Task brief:
The line that contains "John Deere 3320 my11 - טרקטור חקלאי: תמונה 2 John" marks the start. Please set it down, with every later line of the data, exactly and without pictures.

::: Provided material :::

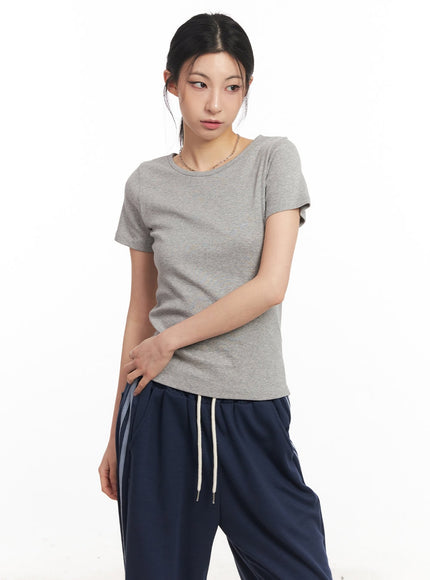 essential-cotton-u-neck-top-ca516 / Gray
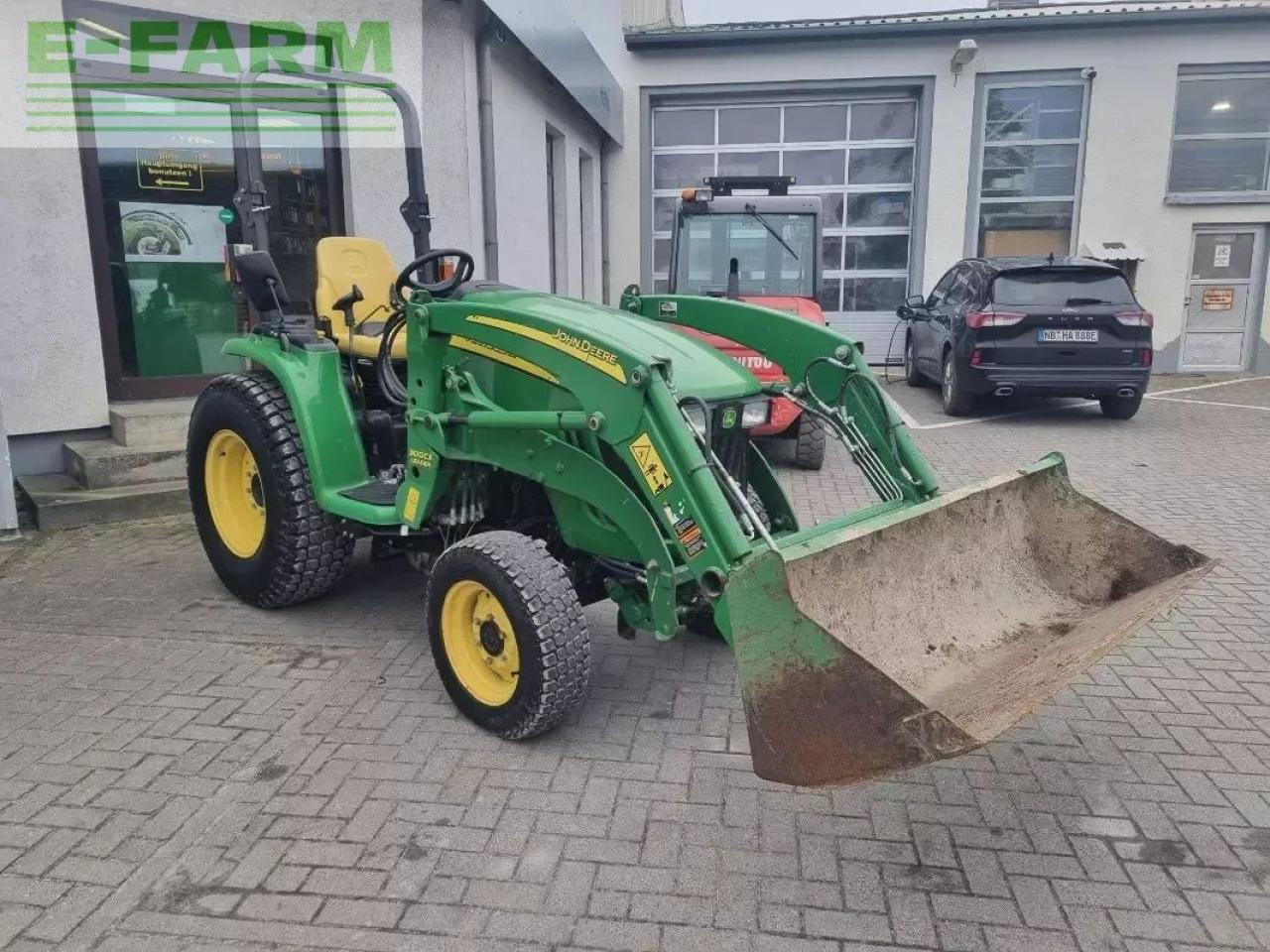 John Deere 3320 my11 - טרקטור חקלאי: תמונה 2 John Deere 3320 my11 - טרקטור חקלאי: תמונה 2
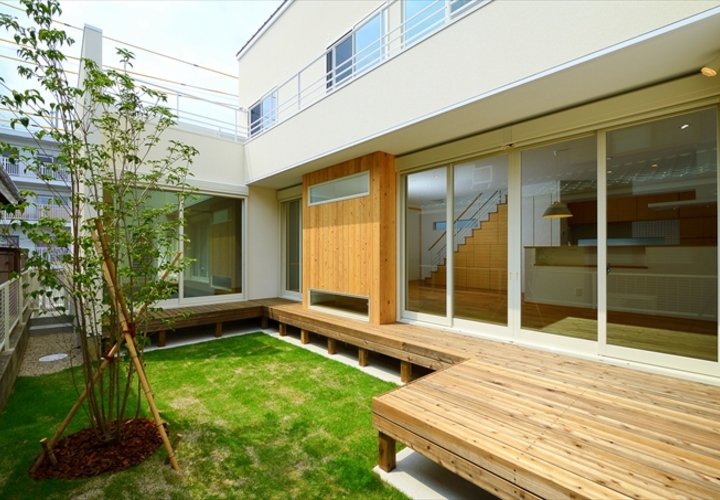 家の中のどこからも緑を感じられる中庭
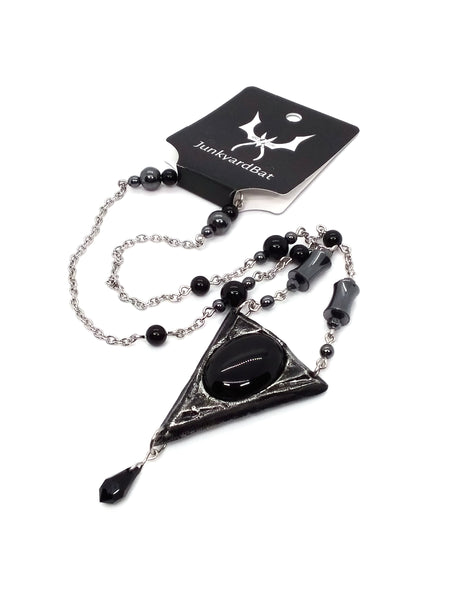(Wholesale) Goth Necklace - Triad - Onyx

:::

Result of this exercise:
 John Deere 3320 my11 - טרקטור חקלאי: תמונה 2 John Deere 3320 my11 - טרקטור חקלאי: תמונה 2
 家の中のどこからも緑を感じられる中庭
(Wholesale) Goth Necklace - Triad - Onyx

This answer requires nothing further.